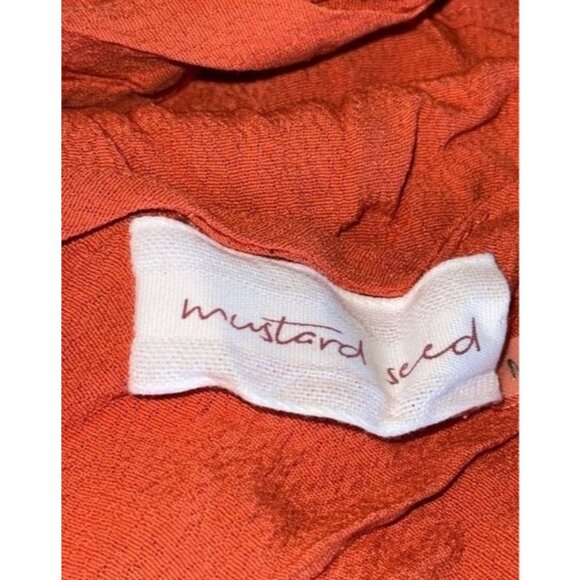 Mustard Seed Orange Crinkled Jumpsuit Rayon & Viscose Fabric Adjustable Straps S - Picture 3 of 5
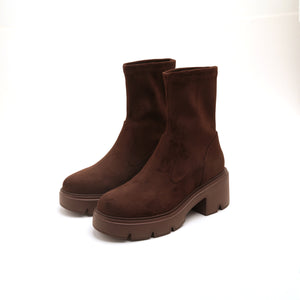 Brown Elastic Platform Ankle Sock Boots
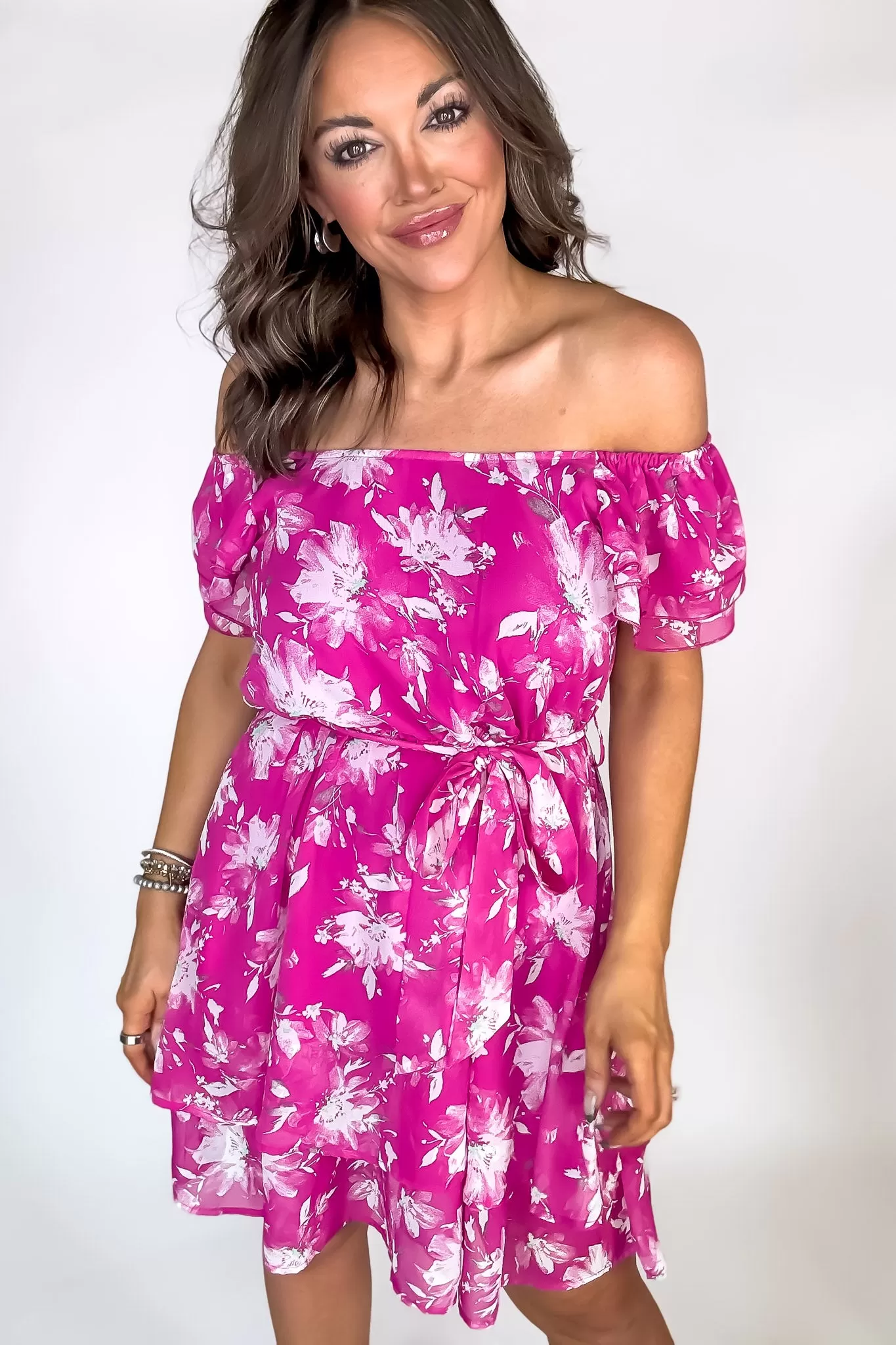 Fuchsia Flower Print Ruffle Sleeve Waist Tie Dress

■ Task details ■
Take the line that contains "Brown Elastic Platform Ankle Sock Boots" and all lines after it to the end of the material above, and copy them verbatim without any images.

■ Answer box ■
 Brown Elastic Platform Ankle Sock Boots
 Fuchsia Flower Print Ruffle Sleeve Waist Tie Dress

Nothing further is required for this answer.